** Assignment **
Will you transcribe the entries that follow, exactly and in full?
▽
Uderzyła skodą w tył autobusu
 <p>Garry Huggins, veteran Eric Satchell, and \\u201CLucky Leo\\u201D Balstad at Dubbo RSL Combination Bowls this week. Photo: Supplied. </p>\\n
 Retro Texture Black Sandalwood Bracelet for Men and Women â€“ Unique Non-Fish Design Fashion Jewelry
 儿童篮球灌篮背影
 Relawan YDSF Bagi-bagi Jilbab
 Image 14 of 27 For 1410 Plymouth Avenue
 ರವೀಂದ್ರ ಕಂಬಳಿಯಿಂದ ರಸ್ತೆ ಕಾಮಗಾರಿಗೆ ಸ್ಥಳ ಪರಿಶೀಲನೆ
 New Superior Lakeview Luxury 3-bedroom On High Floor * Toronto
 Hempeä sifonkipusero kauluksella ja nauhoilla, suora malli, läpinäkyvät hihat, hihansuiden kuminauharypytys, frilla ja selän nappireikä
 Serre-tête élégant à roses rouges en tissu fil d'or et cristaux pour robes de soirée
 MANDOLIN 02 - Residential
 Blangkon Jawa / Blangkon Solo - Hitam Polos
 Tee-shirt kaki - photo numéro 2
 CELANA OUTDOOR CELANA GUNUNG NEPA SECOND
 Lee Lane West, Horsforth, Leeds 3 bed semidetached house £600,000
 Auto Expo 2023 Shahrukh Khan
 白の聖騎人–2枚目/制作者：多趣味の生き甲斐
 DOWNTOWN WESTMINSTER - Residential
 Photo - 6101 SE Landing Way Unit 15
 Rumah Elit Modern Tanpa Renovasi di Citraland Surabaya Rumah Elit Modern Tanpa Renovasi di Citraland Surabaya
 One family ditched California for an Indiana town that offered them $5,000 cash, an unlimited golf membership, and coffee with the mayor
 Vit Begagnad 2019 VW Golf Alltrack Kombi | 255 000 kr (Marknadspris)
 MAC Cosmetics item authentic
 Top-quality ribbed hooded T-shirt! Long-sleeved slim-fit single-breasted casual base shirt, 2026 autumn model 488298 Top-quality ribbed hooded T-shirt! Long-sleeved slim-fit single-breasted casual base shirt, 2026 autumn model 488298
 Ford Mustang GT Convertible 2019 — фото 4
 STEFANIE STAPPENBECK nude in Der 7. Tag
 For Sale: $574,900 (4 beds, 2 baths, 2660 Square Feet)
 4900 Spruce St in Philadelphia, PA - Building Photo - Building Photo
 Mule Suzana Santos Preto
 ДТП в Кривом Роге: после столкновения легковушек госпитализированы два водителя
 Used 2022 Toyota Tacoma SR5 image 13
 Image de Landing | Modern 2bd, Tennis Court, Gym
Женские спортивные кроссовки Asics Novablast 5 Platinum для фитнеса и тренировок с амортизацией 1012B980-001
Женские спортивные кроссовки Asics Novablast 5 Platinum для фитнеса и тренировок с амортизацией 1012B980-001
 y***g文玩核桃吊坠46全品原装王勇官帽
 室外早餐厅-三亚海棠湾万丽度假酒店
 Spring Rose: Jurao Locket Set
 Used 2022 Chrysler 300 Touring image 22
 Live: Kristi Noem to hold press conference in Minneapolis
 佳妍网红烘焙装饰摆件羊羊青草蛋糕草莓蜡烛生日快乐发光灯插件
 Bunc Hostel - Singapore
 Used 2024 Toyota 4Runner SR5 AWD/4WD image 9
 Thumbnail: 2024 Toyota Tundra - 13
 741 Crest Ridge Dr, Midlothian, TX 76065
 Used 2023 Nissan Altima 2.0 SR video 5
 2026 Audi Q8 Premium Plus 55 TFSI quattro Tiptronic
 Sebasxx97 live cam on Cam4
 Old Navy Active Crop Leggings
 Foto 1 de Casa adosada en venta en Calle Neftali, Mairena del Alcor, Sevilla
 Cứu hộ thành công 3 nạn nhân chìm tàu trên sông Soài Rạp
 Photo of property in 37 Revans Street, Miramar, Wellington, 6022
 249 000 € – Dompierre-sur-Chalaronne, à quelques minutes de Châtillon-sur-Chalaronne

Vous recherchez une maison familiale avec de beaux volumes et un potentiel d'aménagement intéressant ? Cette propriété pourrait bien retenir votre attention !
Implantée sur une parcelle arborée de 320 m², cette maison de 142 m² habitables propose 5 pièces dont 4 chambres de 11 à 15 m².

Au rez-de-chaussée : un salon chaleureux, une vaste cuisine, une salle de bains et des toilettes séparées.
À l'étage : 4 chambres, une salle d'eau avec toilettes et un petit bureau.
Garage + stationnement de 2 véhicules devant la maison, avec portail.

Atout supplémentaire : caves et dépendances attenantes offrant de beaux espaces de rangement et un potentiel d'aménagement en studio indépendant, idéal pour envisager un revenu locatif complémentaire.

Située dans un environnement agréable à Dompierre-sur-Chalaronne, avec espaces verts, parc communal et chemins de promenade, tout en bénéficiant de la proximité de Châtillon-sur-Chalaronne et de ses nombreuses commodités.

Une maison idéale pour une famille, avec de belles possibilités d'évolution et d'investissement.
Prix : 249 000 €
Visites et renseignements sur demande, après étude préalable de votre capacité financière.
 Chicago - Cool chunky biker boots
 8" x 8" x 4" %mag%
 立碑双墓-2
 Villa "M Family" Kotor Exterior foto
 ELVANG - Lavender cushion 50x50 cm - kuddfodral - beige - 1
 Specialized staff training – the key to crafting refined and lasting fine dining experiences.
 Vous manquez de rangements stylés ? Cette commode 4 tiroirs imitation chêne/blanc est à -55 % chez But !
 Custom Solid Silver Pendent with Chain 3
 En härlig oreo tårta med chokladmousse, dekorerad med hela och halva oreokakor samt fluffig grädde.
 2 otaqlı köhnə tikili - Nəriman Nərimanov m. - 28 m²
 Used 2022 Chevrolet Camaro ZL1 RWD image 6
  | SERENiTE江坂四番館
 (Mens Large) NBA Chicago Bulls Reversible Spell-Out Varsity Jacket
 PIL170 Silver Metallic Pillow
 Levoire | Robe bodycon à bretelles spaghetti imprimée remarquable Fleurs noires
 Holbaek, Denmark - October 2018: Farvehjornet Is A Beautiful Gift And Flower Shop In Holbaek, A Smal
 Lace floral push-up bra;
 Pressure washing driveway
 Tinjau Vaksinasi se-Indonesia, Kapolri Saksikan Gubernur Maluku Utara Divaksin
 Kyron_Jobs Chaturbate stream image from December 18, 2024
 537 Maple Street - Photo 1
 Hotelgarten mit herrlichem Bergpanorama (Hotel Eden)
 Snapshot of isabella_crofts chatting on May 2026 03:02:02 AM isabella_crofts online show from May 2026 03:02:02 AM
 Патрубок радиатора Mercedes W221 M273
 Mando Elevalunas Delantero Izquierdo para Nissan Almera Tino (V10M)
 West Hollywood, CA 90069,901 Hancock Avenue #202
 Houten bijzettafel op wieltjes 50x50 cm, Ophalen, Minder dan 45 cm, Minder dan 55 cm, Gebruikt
△
** Answer to this exercise **
Uderzyła skodą w tył autobusu
 <p>Garry Huggins, veteran Eric Satchell, and \\u201CLucky Leo\\u201D Balstad at Dubbo RSL Combination Bowls this week. Photo: Supplied. </p>\\n
 Retro Texture Black Sandalwood Bracelet for Men and Women â€“ Unique Non-Fish Design Fashion Jewelry
 儿童篮球灌篮背影
 Relawan YDSF Bagi-bagi Jilbab
 Image 14 of 27 For 1410 Plymouth Avenue
 ರವೀಂದ್ರ ಕಂಬಳಿಯಿಂದ ರಸ್ತೆ ಕಾಮಗಾರಿಗೆ ಸ್ಥಳ ಪರಿಶೀಲನೆ
 New Superior Lakeview Luxury 3-bedroom On High Floor * Toronto
 Hempeä sifonkipusero kauluksella ja nauhoilla, suora malli, läpinäkyvät hihat, hihansuiden kuminauharypytys, frilla ja selän nappireikä
 Serre-tête élégant à roses rouges en tissu fil d'or et cristaux pour robes de soirée
 MANDOLIN 02 - Residential
 Blangkon Jawa / Blangkon Solo - Hitam Polos
 Tee-shirt kaki - photo numéro 2
 CELANA OUTDOOR CELANA GUNUNG NEPA SECOND
 Lee Lane West, Horsforth, Leeds 3 bed semidetached house £600,000
 Auto Expo 2023 Shahrukh Khan
 白の聖騎人–2枚目/制作者：多趣味の生き甲斐
 DOWNTOWN WESTMINSTER - Residential
 Photo - 6101 SE Landing Way Unit 15
 Rumah Elit Modern Tanpa Renovasi di Citraland Surabaya Rumah Elit Modern Tanpa Renovasi di Citraland Surabaya
 One family ditched California for an Indiana town that offered them $5,000 cash, an unlimited golf membership, and coffee with the mayor
 Vit Begagnad 2019 VW Golf Alltrack Kombi | 255 000 kr (Marknadspris)
 MAC Cosmetics item authentic
 Top-quality ribbed hooded T-shirt! Long-sleeved slim-fit single-breasted casual base shirt, 2026 autumn model 488298 Top-quality ribbed hooded T-shirt! Long-sleeved slim-fit single-breasted casual base shirt, 2026 autumn model 488298
 Ford Mustang GT Convertible 2019 — фото 4
 STEFANIE STAPPENBECK nude in Der 7. Tag
 For Sale: $574,900 (4 beds, 2 baths, 2660 Square Feet)
 4900 Spruce St in Philadelphia, PA - Building Photo - Building Photo
 Mule Suzana Santos Preto
 ДТП в Кривом Роге: после столкновения легковушек госпитализированы два водителя
 Used 2022 Toyota Tacoma SR5 image 13
 Image de Landing | Modern 2bd, Tennis Court, Gym
Женские спортивные кроссовки Asics Novablast 5 Platinum для фитнеса и тренировок с амортизацией 1012B980-001
Женские спортивные кроссовки Asics Novablast 5 Platinum для фитнеса и тренировок с амортизацией 1012B980-001
 y***g文玩核桃吊坠46全品原装王勇官帽
 室外早餐厅-三亚海棠湾万丽度假酒店
 Spring Rose: Jurao Locket Set
 Used 2022 Chrysler 300 Touring image 22
 Live: Kristi Noem to hold press conference in Minneapolis
 佳妍网红烘焙装饰摆件羊羊青草蛋糕草莓蜡烛生日快乐发光灯插件
 Bunc Hostel - Singapore
 Used 2024 Toyota 4Runner SR5 AWD/4WD image 9
 Thumbnail: 2024 Toyota Tundra - 13
 741 Crest Ridge Dr, Midlothian, TX 76065
 Used 2023 Nissan Altima 2.0 SR video 5
 2026 Audi Q8 Premium Plus 55 TFSI quattro Tiptronic
 Sebasxx97 live cam on Cam4
 Old Navy Active Crop Leggings
 Foto 1 de Casa adosada en venta en Calle Neftali, Mairena del Alcor, Sevilla
 Cứu hộ thành công 3 nạn nhân chìm tàu trên sông Soài Rạp
 Photo of property in 37 Revans Street, Miramar, Wellington, 6022
 249 000 € – Dompierre-sur-Chalaronne, à quelques minutes de Châtillon-sur-Chalaronne

Vous recherchez une maison familiale avec de beaux volumes et un potentiel d'aménagement intéressant ? Cette propriété pourrait bien retenir votre attention !
Implantée sur une parcelle arborée de 320 m², cette maison de 142 m² habitables propose 5 pièces dont 4 chambres de 11 à 15 m².

Au rez-de-chaussée : un salon chaleureux, une vaste cuisine, une salle de bains et des toilettes séparées.
À l'étage : 4 chambres, une salle d'eau avec toilettes et un petit bureau.
Garage + stationnement de 2 véhicules devant la maison, avec portail.

Atout supplémentaire : caves et dépendances attenantes offrant de beaux espaces de rangement et un potentiel d'aménagement en studio indépendant, idéal pour envisager un revenu locatif complémentaire.

Située dans un environnement agréable à Dompierre-sur-Chalaronne, avec espaces verts, parc communal et chemins de promenade, tout en bénéficiant de la proximité de Châtillon-sur-Chalaronne et de ses nombreuses commodités.

Une maison idéale pour une famille, avec de belles possibilités d'évolution et d'investissement.
Prix : 249 000 €
Visites et renseignements sur demande, après étude préalable de votre capacité financière.
 Chicago - Cool chunky biker boots
 8" x 8" x 4" %mag%
 立碑双墓-2
 Villa "M Family" Kotor Exterior foto
 ELVANG - Lavender cushion 50x50 cm - kuddfodral - beige - 1
 Specialized staff training – the key to crafting refined and lasting fine dining experiences.
 Vous manquez de rangements stylés ? Cette commode 4 tiroirs imitation chêne/blanc est à -55 % chez But !
 Custom Solid Silver Pendent with Chain 3
 En härlig oreo tårta med chokladmousse, dekorerad med hela och halva oreokakor samt fluffig grädde.
 2 otaqlı köhnə tikili - Nəriman Nərimanov m. - 28 m²
 Used 2022 Chevrolet Camaro ZL1 RWD image 6
  | SERENiTE江坂四番館
 (Mens Large) NBA Chicago Bulls Reversible Spell-Out Varsity Jacket
 PIL170 Silver Metallic Pillow
 Levoire | Robe bodycon à bretelles spaghetti imprimée remarquable Fleurs noires
 Holbaek, Denmark - October 2018: Farvehjornet Is A Beautiful Gift And Flower Shop In Holbaek, A Smal
 Lace floral push-up bra;
 Pressure washing driveway
 Tinjau Vaksinasi se-Indonesia, Kapolri Saksikan Gubernur Maluku Utara Divaksin
 Kyron_Jobs Chaturbate stream image from December 18, 2024
 537 Maple Street - Photo 1
 Hotelgarten mit herrlichem Bergpanorama (Hotel Eden)
 Snapshot of isabella_crofts chatting on May 2026 03:02:02 AM isabella_crofts online show from May 2026 03:02:02 AM
 Патрубок радиатора Mercedes W221 M273
 Mando Elevalunas Delantero Izquierdo para Nissan Almera Tino (V10M)
 West Hollywood, CA 90069,901 Hancock Avenue #202
 Houten bijzettafel op wieltjes 50x50 cm, Ophalen, Minder dan 45 cm, Minder dan 55 cm, Gebruikt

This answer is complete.